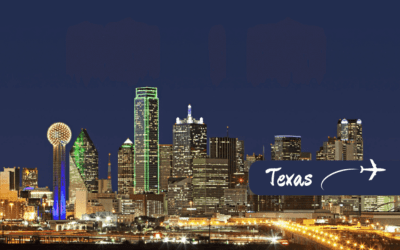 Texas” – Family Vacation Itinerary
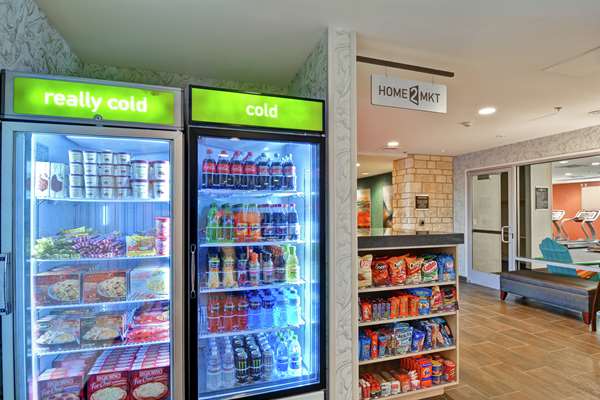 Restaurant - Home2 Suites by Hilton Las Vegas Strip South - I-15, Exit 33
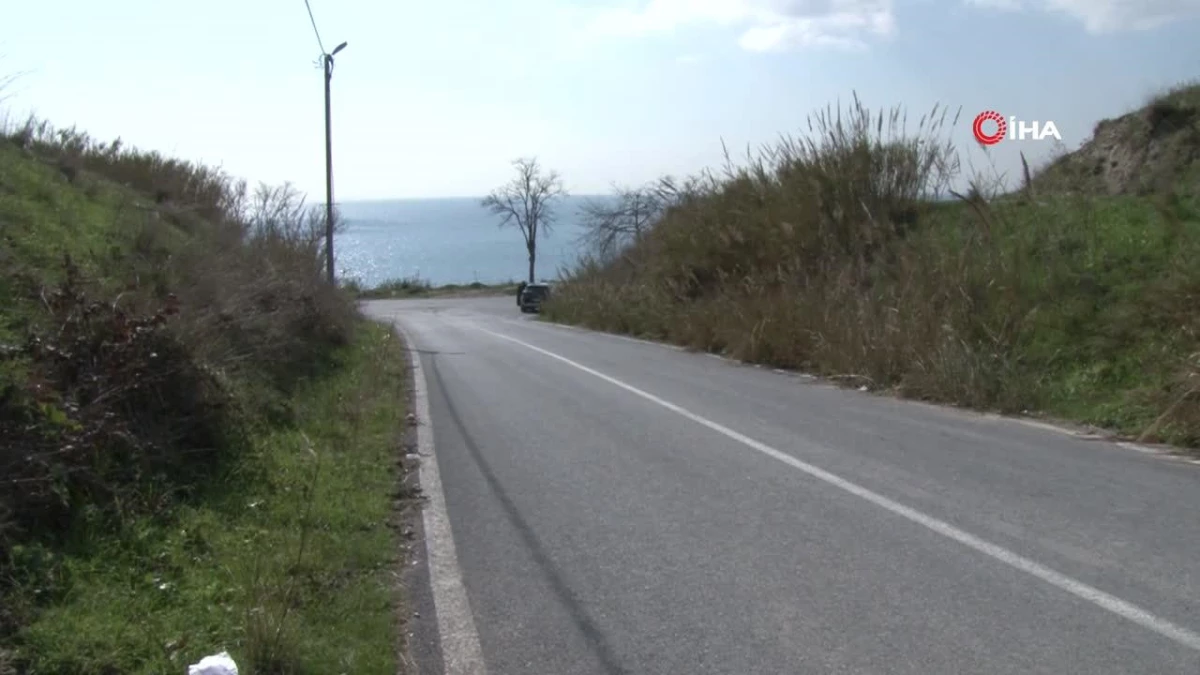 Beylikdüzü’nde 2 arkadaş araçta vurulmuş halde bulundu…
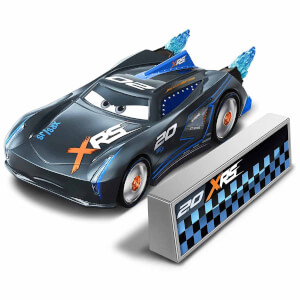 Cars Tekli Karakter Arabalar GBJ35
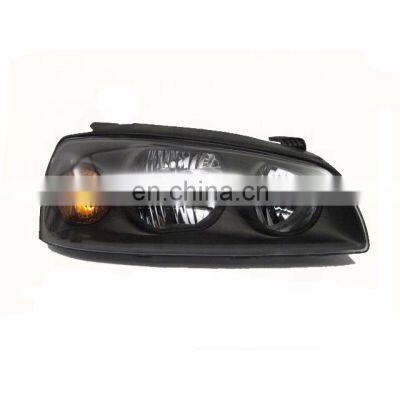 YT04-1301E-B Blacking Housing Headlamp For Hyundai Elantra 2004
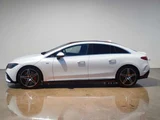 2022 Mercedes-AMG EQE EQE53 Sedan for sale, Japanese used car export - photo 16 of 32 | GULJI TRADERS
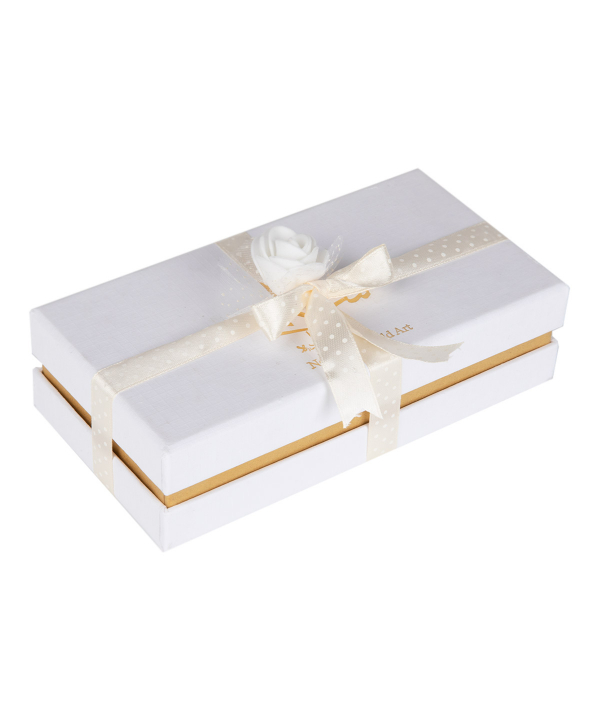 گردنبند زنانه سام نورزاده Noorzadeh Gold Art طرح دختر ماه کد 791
--------------------
REQUIREMENT —
Once the line containing "Cars Tekli Karakter Arabalar GBJ35" is found, write it out exactly along with every line after it through the end of the listing, excluding pictures.

YOUR SOLUTION —
 Cars Tekli Karakter Arabalar GBJ35
 YT04-1301E-B Blacking Housing Headlamp For Hyundai Elantra 2004
 2022 Mercedes-AMG EQE EQE53 Sedan for sale, Japanese used car export - photo 16 of 32 | GULJI TRADERS
 گردنبند زنانه سام نورزاده Noorzadeh Gold Art طرح دختر ماه کد 791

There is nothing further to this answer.